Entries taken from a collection
------

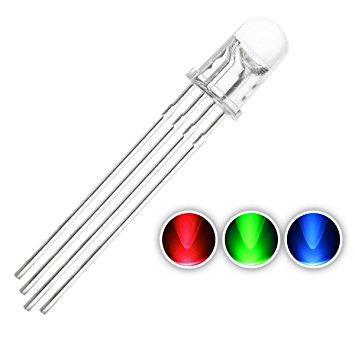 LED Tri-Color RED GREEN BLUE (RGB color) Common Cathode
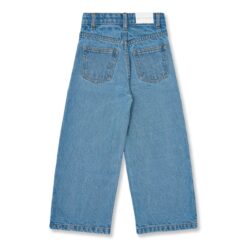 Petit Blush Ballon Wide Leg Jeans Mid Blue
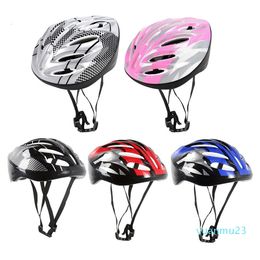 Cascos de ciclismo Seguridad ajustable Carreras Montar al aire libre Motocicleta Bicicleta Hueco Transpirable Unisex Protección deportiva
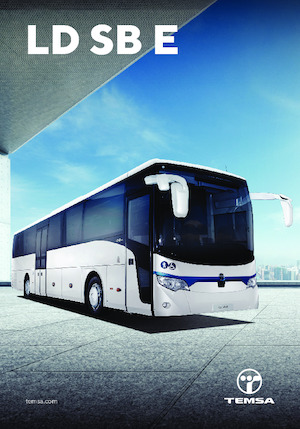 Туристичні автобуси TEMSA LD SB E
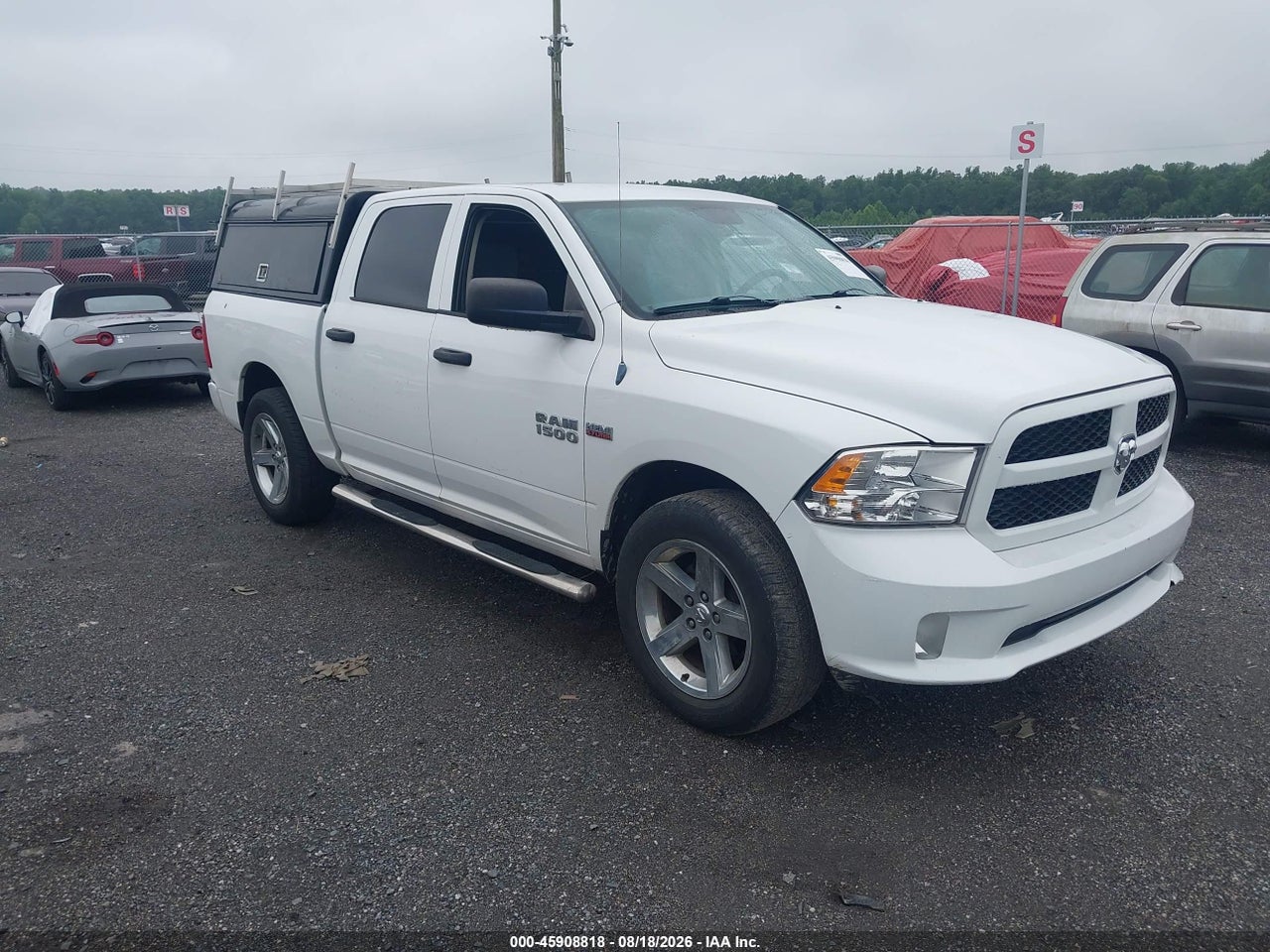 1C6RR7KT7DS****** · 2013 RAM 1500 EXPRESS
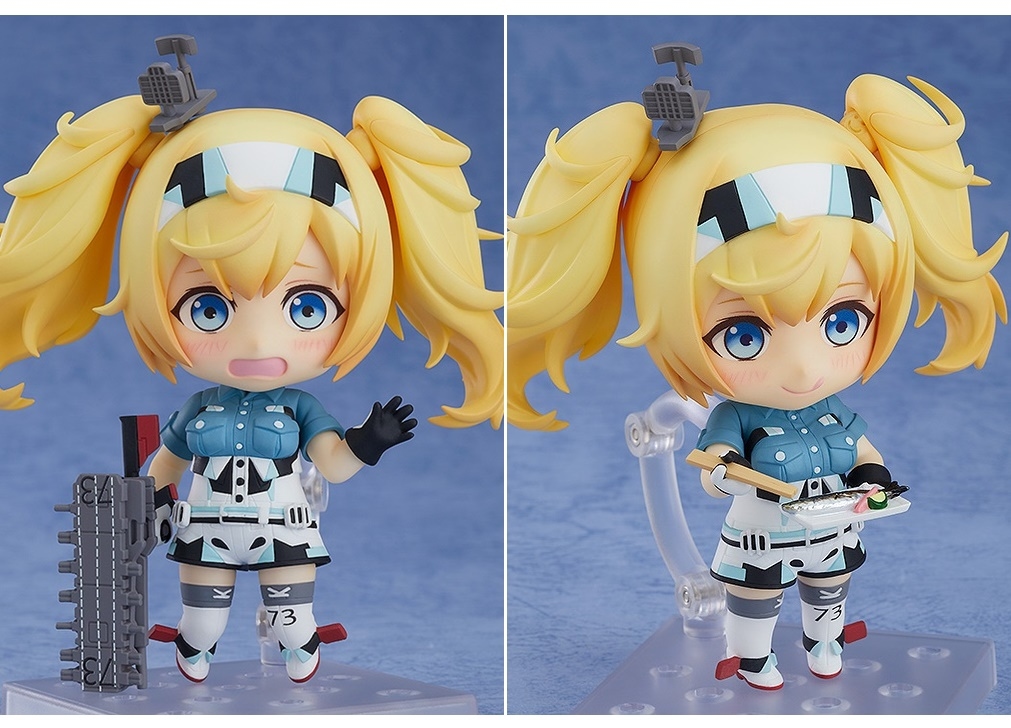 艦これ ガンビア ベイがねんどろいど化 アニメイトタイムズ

------

## Brief
The line containing "Туристичні автобуси TEMSA LD SB E" marks the end: copy exactly every line from the start of the records up to and including it, leaving out the pictures.

## Task result
 LED Tri-Color RED GREEN BLUE (RGB color) Common Cathode
 Petit Blush Ballon Wide Leg Jeans Mid Blue
 Cascos de ciclismo Seguridad ajustable Carreras Montar al aire libre Motocicleta Bicicleta Hueco Transpirable Unisex Protección deportiva
 Туристичні автобуси TEMSA LD SB E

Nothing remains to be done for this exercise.